Şehr-i Sebz’de bu türbenin bulunduğu Qo Shhovuz kompleksinde yer alan Ak-Saray, Gumbaz Cami (Mavi Camii- Gökkubbe) ve Dorus Siadat Türbesi mutlaka görülmesi gereken yapılar… Dorus Siadat’de Timur’un kaybettiği ve kaybından sonra kendini toparlayamadığı söylenen 2. Oğlu Cihangir’in de türbesi yer alıyor.

Gumbaz Cami

Gumbaz Cami

Gelelim son durağımız Semerkand’a… Şehirde görülecek pek çok tarihi yapı var. Bunlardan en önemlileri İmam Buhari Türbesi, Şah-ı Zinde Türbeler Topluluğu, Uluğbey Rasathanesi ve Müzesi, Gur-Emir Türbesi, Bibi Hatun Cami ve dillere destan Registan.

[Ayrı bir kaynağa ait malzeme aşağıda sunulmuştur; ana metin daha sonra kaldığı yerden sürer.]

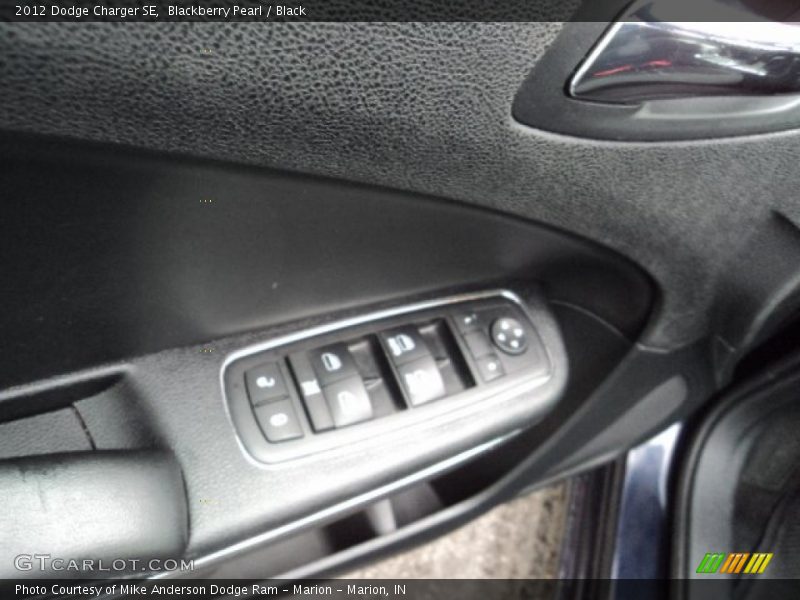 Blackberry Pearl / Black 2012 Dodge Charger SE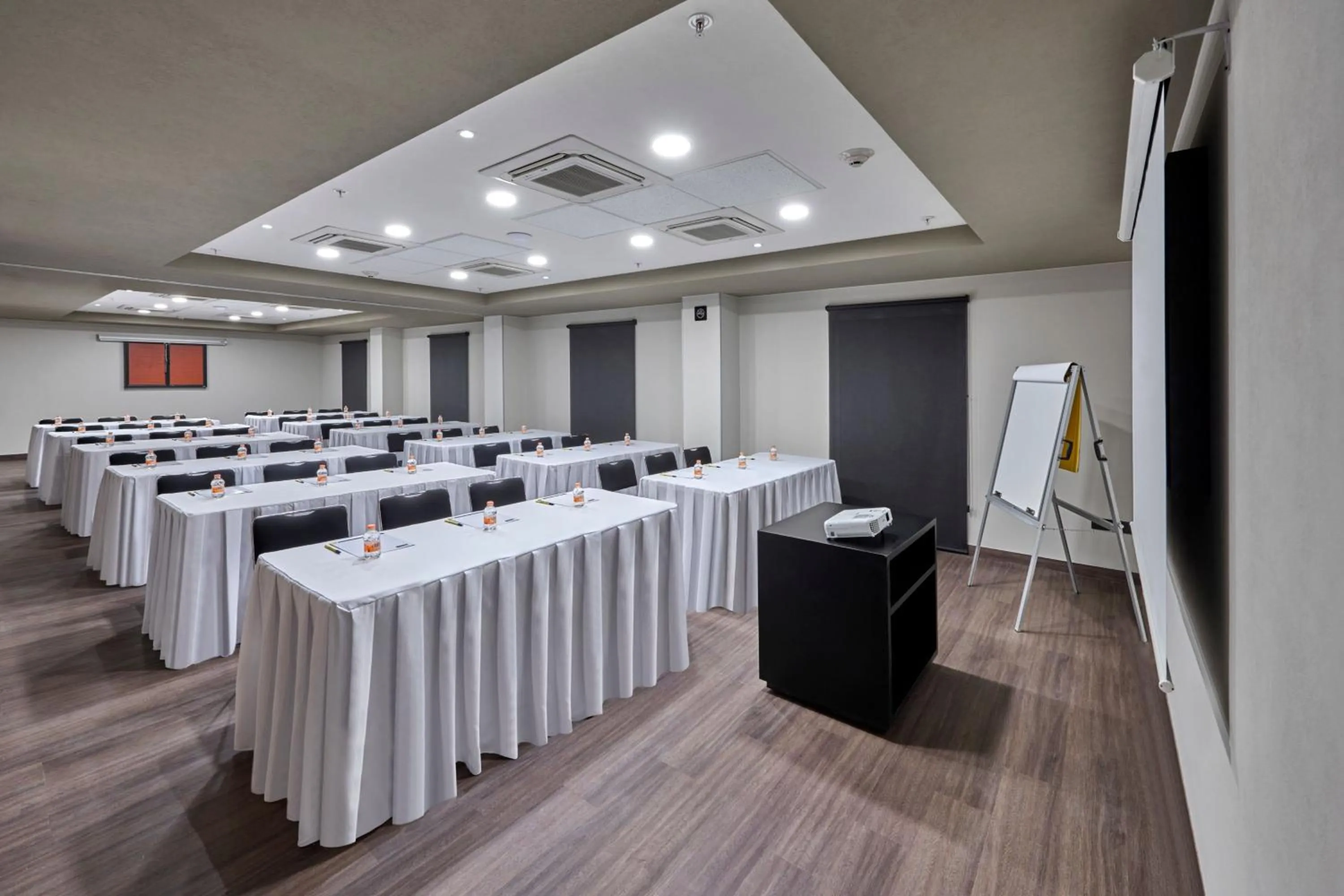 Meeting/conference room in City Express by Marriott Guaymas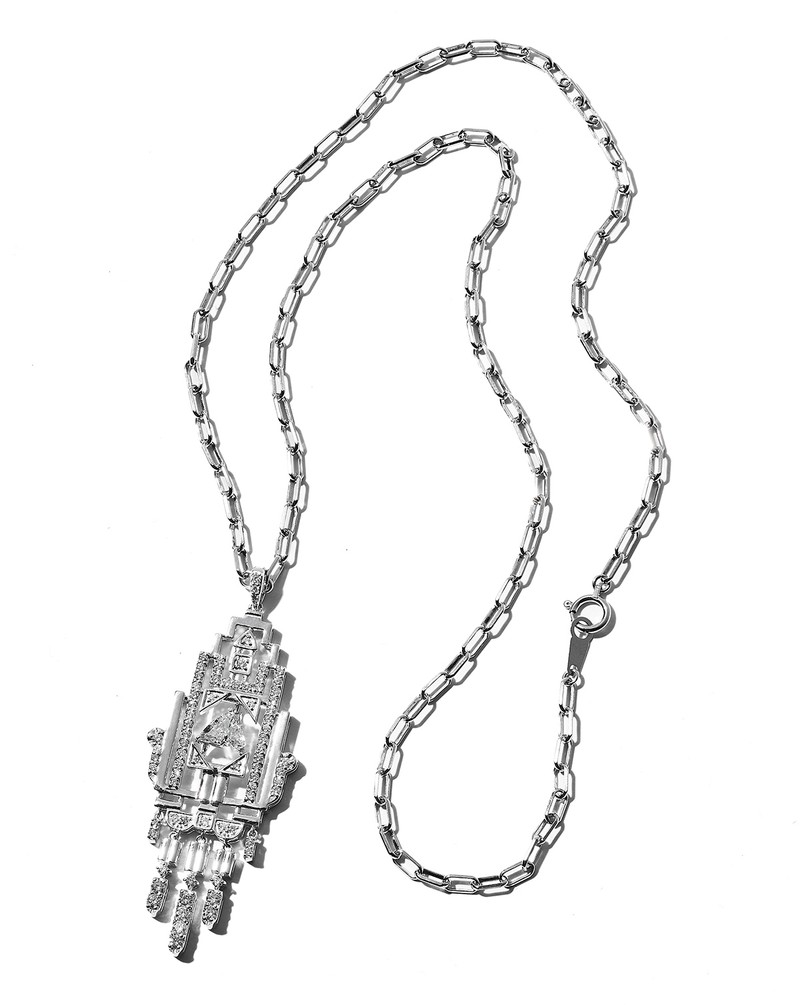 ネックレス［18KWG×ダイヤモンド］143万1000円／ロコ・アラモード（買えるLEON）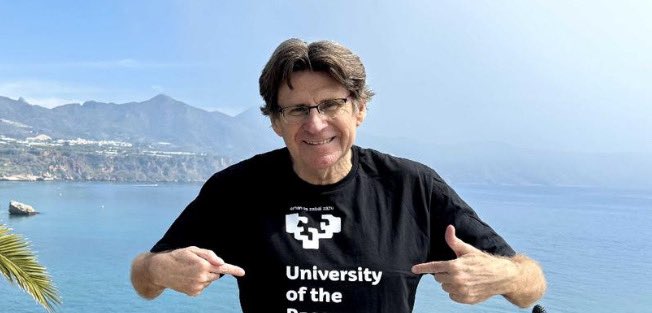 Maintenant que j’entame un dur combat contre mon propre corps, il est temps de renouveler mon engagement à défendre la vie, la dignité et l’avenir des garçons et des filles qui en ont le plus besoin partout dans le monde, au-delà des limites de mes forces. <a href="/Fund_Altamirano/">Org. Pedro I. Altamirano</a>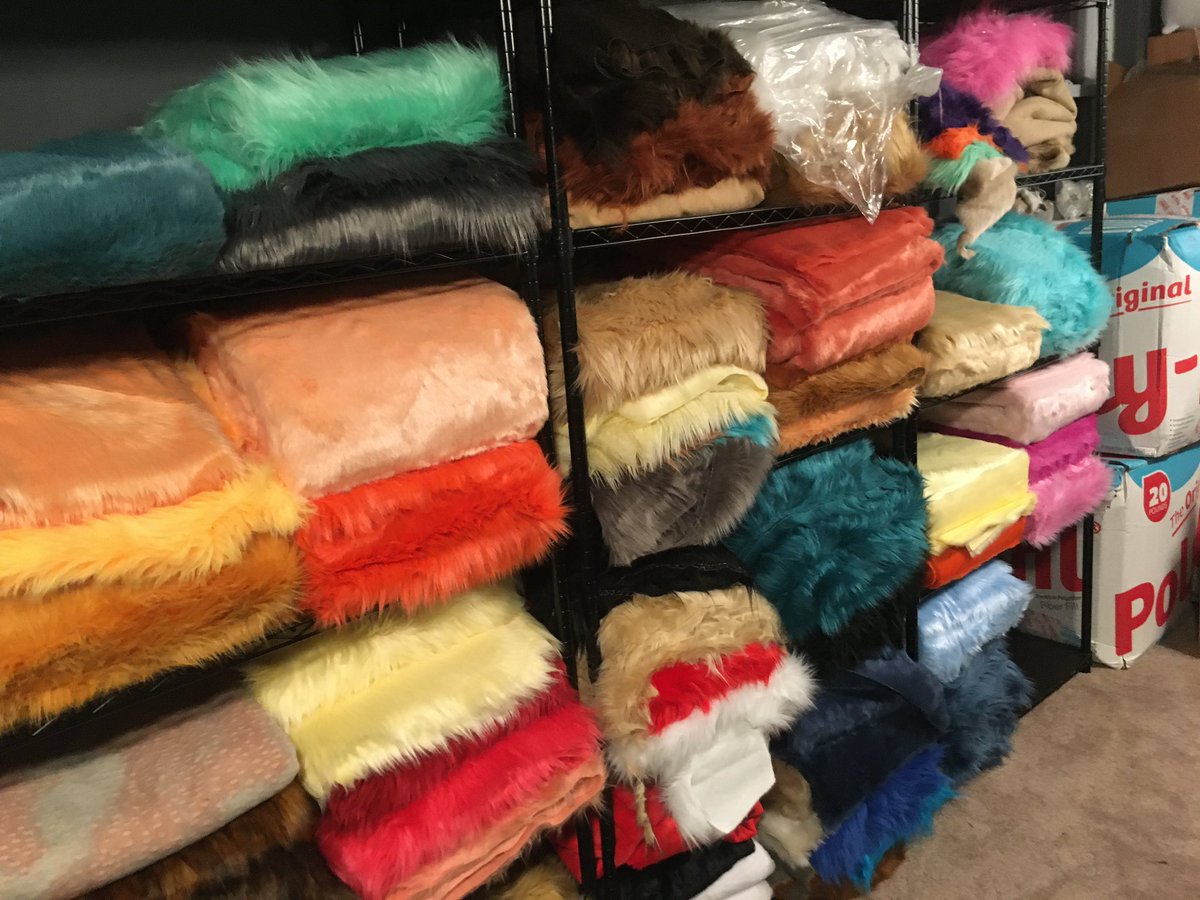 feralcandy's tweet photo. ✨We are DE-STASHING our fur hoard!✨ We have tons of colors and plenty of uncut yardage available- check it out! https://t.co/LbdH5SKSfU

Please share to help us downsize what we need to store 🙏 https://t.co/4ltedbeQIC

Buhara'dan Semerkand!a giderken...

Buhari Türbesi

Buhari Türbesi

Buhari Türbesi


Buhari Türbesi

Uluğ Bey Rasathanesi

Uluğ Bey Rasathanesi
Şah-ı Zinde



Şah-ı Zinde

Şah-ı Zinde

Şah-ı Zinde

Registan, gerçekten ilk görmenizle birlikte insanı kendine hayran bırakan bir meydan ve Tillakari Medresesi, Uluğ Bey Medresesi ve Bibi Hatun Cami ile çevreleniyor. Buradan park içindeki yoldan biraz ilerleyerek ulaştığımız açık hava pazarı da Semerkand’ın olmazsa olmazlarından. Hem yiyecek hem giyecek hem de hediyelik eşyalar satılıyor. Küçük bir tüyo vermek gerekirse, buradan yaklaşık 1 km uzaklıkta yürüyerek de ulaşılan Hazreti Hızır Cami’nden şehrin kuş bakışı manzarası bir harika…

Registan

Registan

Pazar

Hızır Cami

Hızır Cami

Hızır Cami

Bir haftalık Özbekistan turumuz sona erdiğinde, her biri mimari harikası olan ve tarih yaprağından sıyrılarak günümüze kadar kalabilmiş renkli yapılar ve biz Türkleri çok seven Özbek halkı aklımıza hoş anılar olarak kazınıyor.